Title: Robust Classification for Large Datasets: A Chance-Constraint Approach
Dr. Saketha Nath, Post Doctoral Fellow, Technion Institute Israel
Date & Time: July 24, 2008 17:00
Venue: F. C. Kohli Auditorium, 01st Floor, 'B' Block, Kanwal Rekhi Building

In this talk, we present scalable algorithms for large binary classification tasks. As a first step, we derive a maximum-margin formulation which employs chance-constraints for clusters in the training data in order to achieve low empirical risk. Using Chebyshev inequality, the formulation is approximated as a Second Order Cone Program (SOCP) involving means and variances of the clusters. Any online clustering algorithm can be employed to efficiently estimate the moments of the clusters. Experimental results show that the proposed formulation, even when solved using generic SOCP solvers, scales better than state-of-the-art SVM solvers while achieving comparable accuracies.

The proposed classification formulation can be extended to feature spaces and the kernelized dual turns out to be a SOCP with single cone constraint. Exploiting this specialty, we derive a simple co-ordinate descent based algorithm for solving it. Results show that the proposed algorithm outperforms generic SOCP solvers in terms of solving time. Hence, scalability of the proposed formulation further increases by employing this specialized solver.

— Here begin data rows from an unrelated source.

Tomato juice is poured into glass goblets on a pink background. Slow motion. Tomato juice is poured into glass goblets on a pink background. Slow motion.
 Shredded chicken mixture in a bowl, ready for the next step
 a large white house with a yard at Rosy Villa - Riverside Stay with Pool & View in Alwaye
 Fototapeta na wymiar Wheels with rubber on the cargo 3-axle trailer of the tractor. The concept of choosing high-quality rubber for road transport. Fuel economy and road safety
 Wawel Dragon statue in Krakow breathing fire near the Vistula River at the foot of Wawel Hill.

Since the true moments of clusters are unknown and are estimated using an online clustering algorithm, the proposed formulation is susceptible to moment estimation errors. Using robust optimization methodology and novel confidence sets for the moments, robust counterparts of the original formulation are derived. Interestingly, the robust counterparts also turn out to be SOCPs and hence are tractable.

Saketha Nath is a postdoctoral fellow at the Technion institute, Israel. His main research interests are in the fields of machine learning and data mining. He has done his PhD in Computer Science at the Indian Institute of Science, Bangalore. His current research focuses on the use of advanced optimization techniques for solving problems in learning.